Data records:
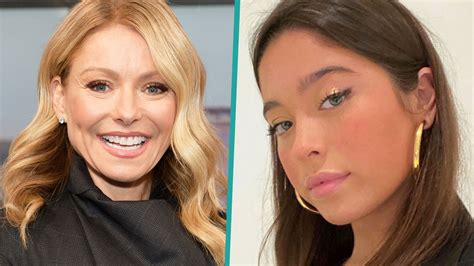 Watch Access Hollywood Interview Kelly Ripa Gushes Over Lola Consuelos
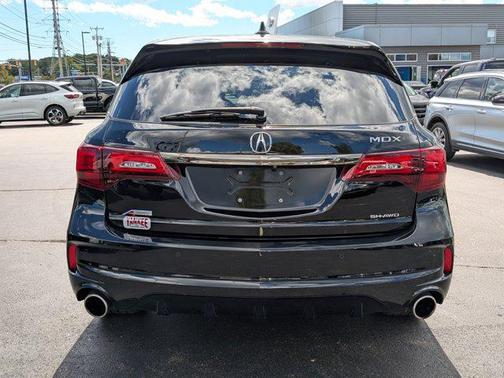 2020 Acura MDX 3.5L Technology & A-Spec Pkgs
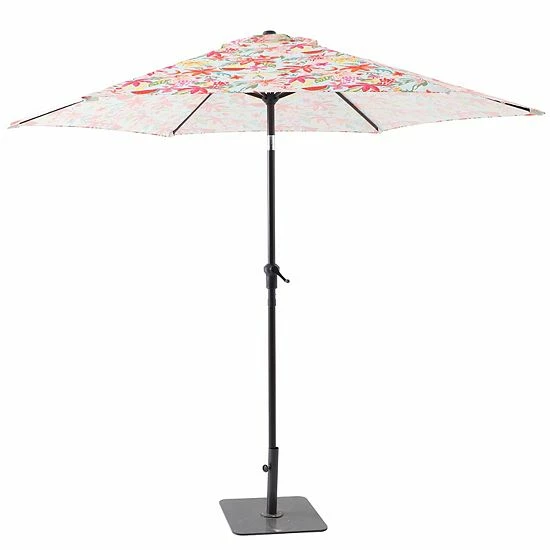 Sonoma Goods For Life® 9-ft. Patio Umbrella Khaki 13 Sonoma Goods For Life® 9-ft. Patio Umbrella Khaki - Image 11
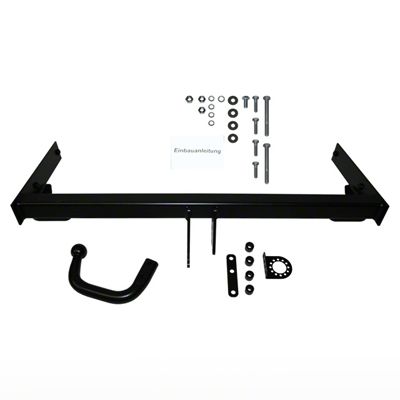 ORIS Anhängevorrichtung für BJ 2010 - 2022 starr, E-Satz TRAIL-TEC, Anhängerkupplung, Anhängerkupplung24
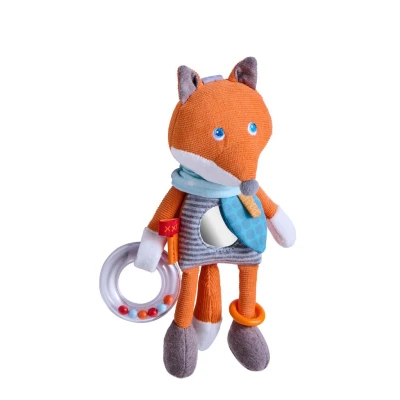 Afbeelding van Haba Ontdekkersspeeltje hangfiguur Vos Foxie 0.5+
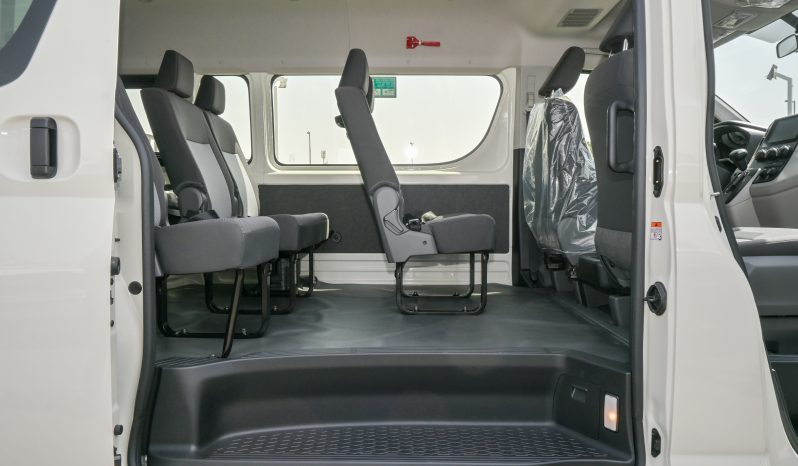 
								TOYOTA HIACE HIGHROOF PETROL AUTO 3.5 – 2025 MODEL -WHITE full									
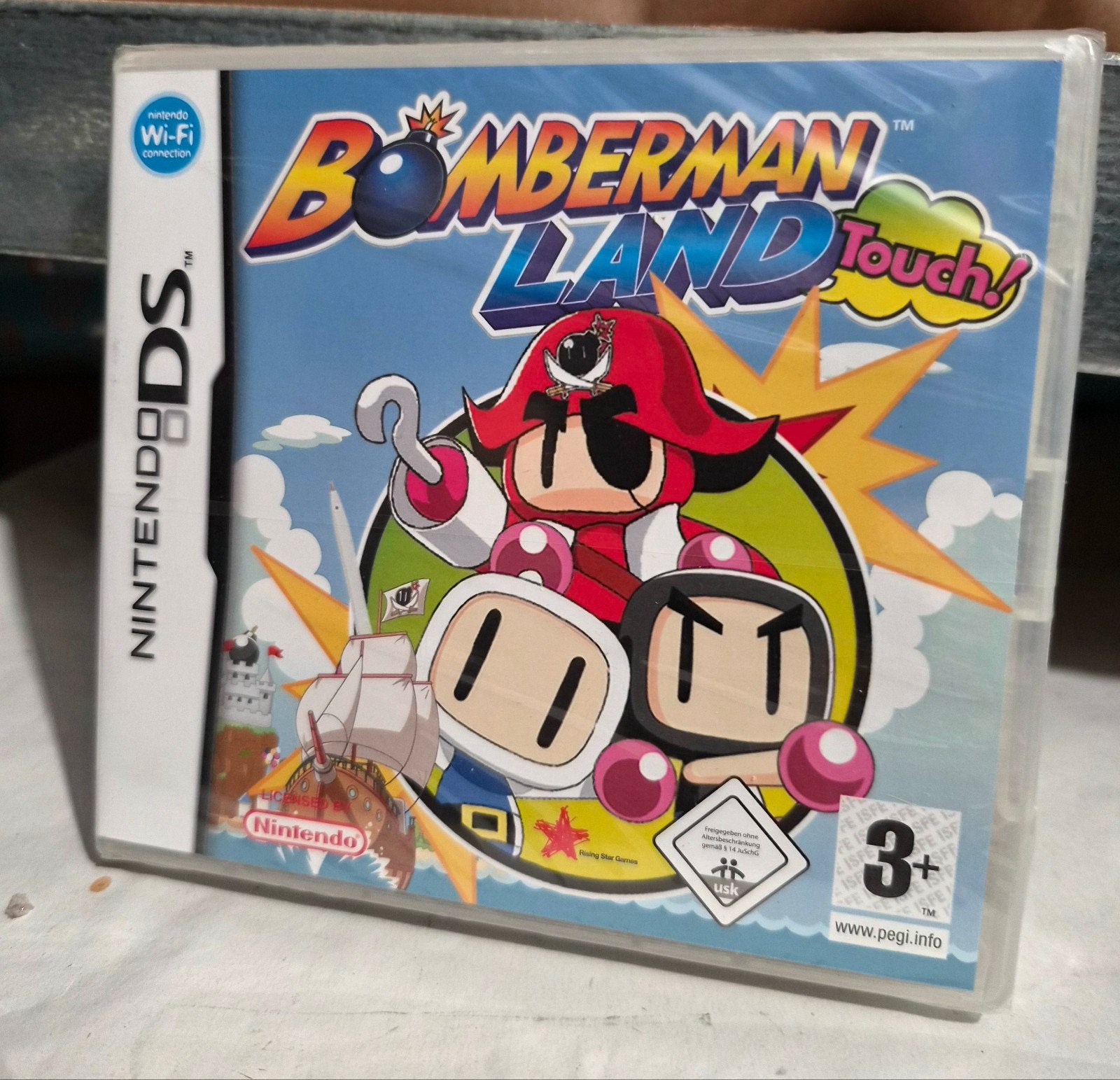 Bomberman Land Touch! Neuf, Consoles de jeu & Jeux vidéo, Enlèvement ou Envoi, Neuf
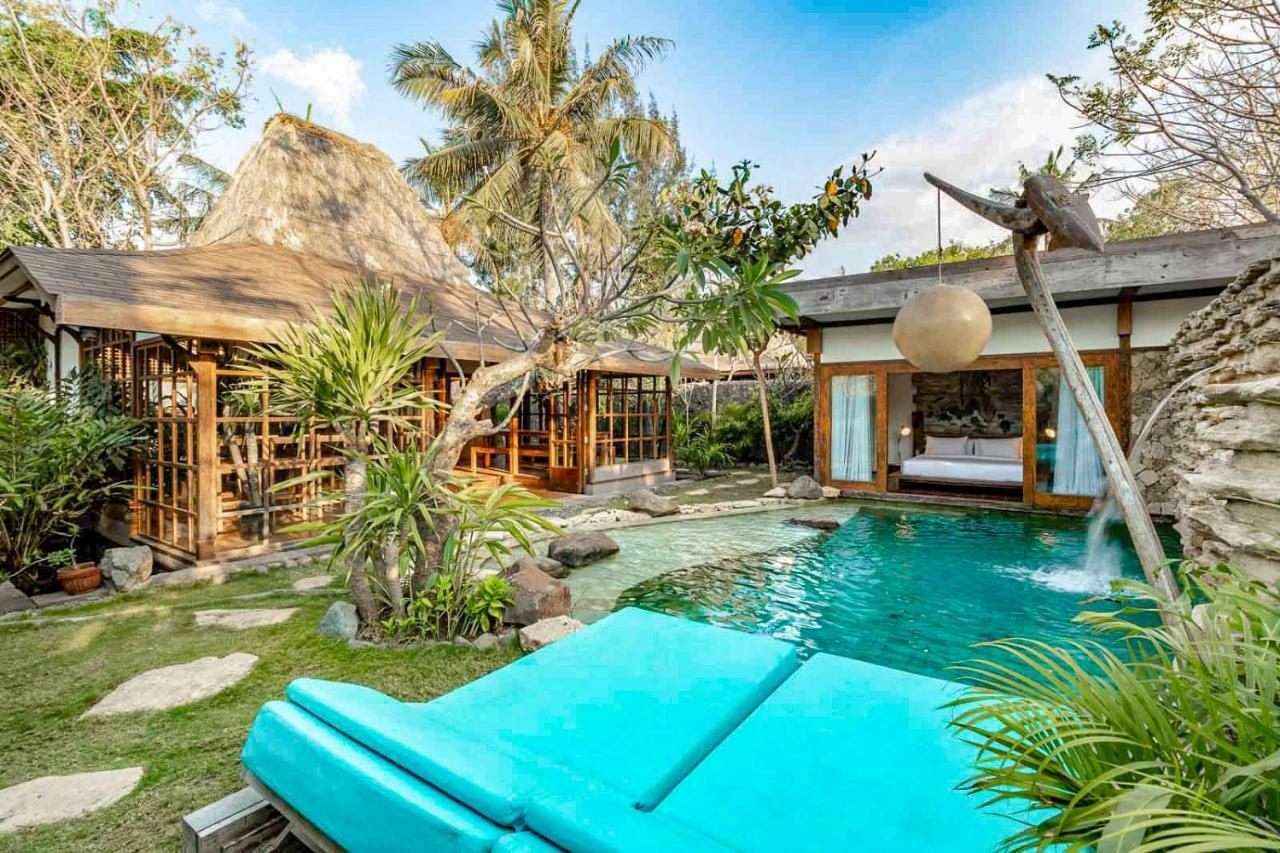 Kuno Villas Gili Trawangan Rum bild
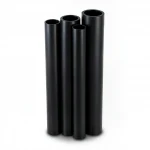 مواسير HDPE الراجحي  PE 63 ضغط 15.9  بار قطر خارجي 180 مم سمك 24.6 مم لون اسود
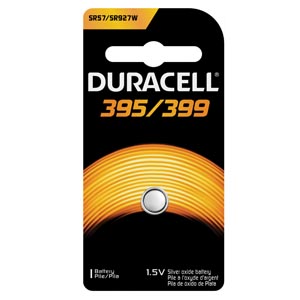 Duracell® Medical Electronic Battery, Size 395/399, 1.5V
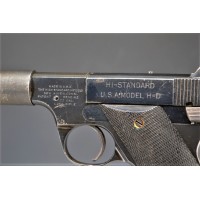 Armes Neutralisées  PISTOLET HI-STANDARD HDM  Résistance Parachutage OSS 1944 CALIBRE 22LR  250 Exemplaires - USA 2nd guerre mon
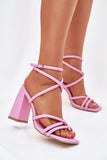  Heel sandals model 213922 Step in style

...

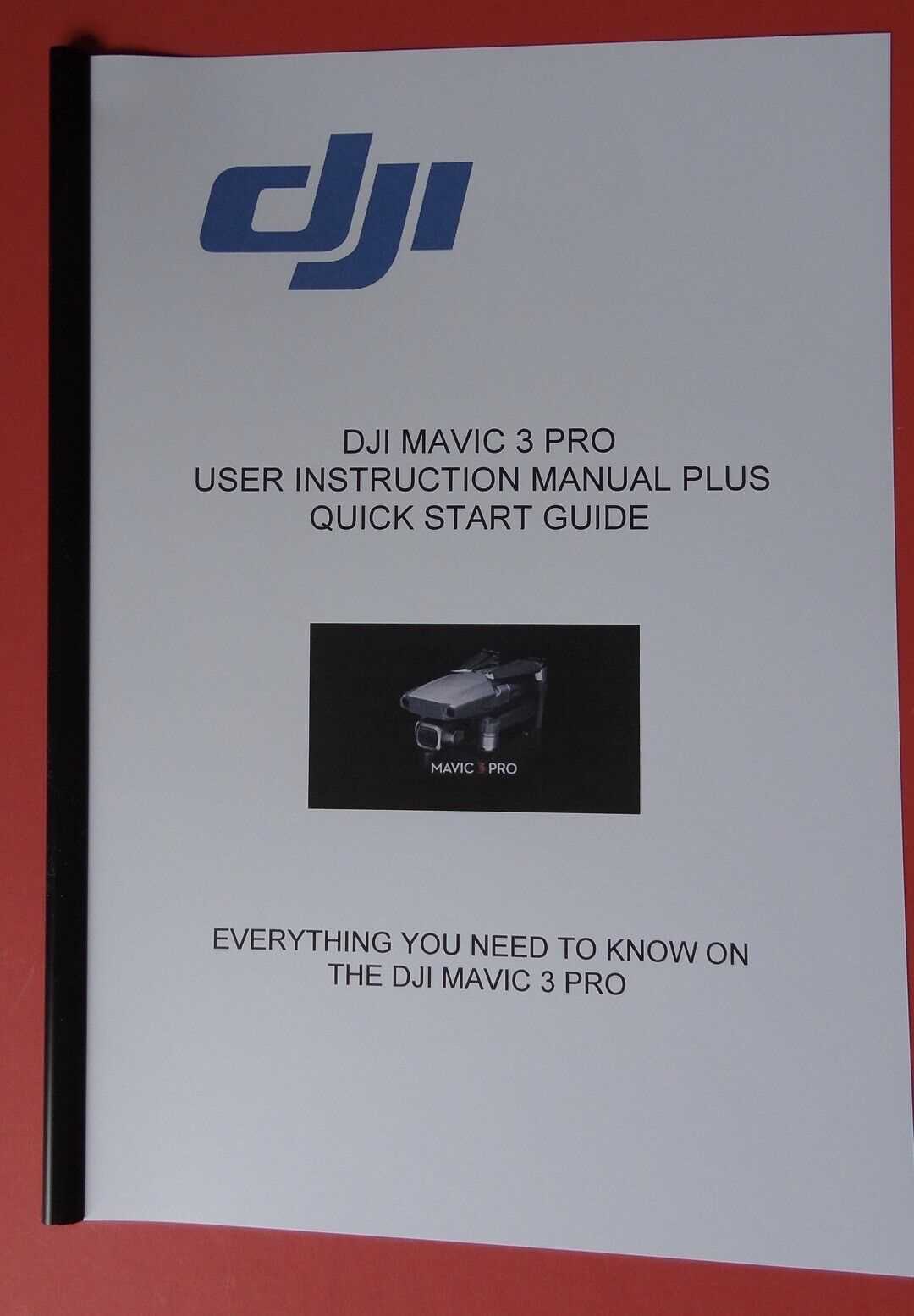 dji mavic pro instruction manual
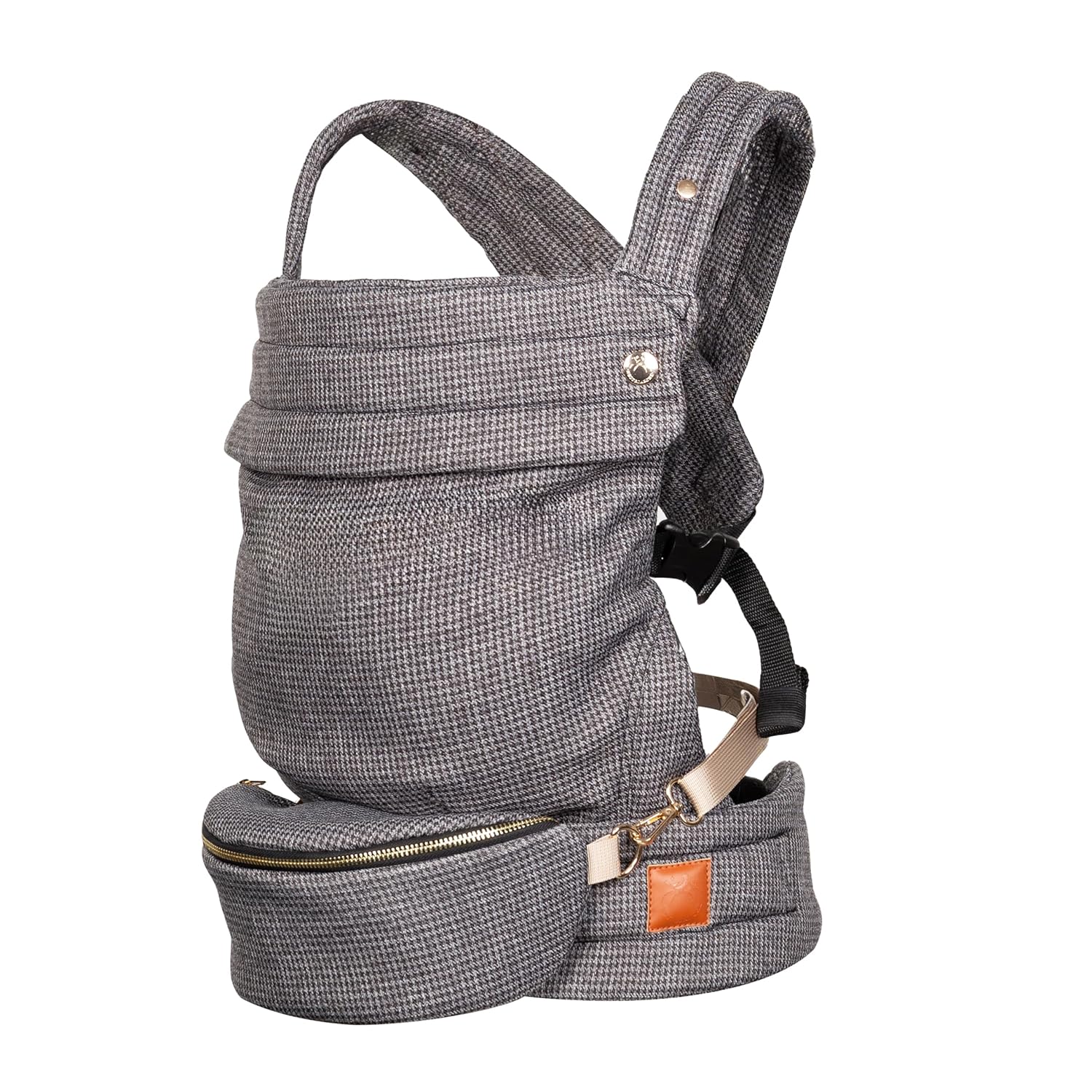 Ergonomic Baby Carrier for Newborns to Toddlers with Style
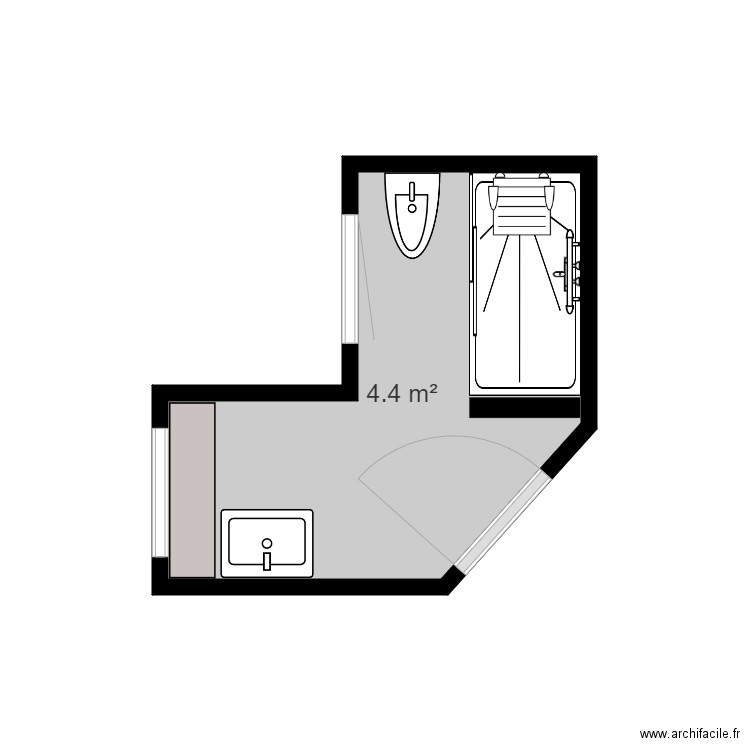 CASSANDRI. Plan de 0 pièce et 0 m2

Task to carry out:
The material above holds pictures; leave them out and set down exactly the lines from the line with "Watch Access Hollywood" to the line with "ORIS Anhängevorrichtung für", both included.

Answer for this exercise:
 Watch Access Hollywood Interview Kelly Ripa Gushes Over Lola Consuelos
 2020 Acura MDX 3.5L Technology & A-Spec Pkgs
 Sonoma Goods For Life® 9-ft. Patio Umbrella Khaki 13 Sonoma Goods For Life® 9-ft. Patio Umbrella Khaki - Image 11
 ORIS Anhängevorrichtung für BJ 2010 - 2022 starr, E-Satz TRAIL-TEC, Anhängerkupplung, Anhängerkupplung24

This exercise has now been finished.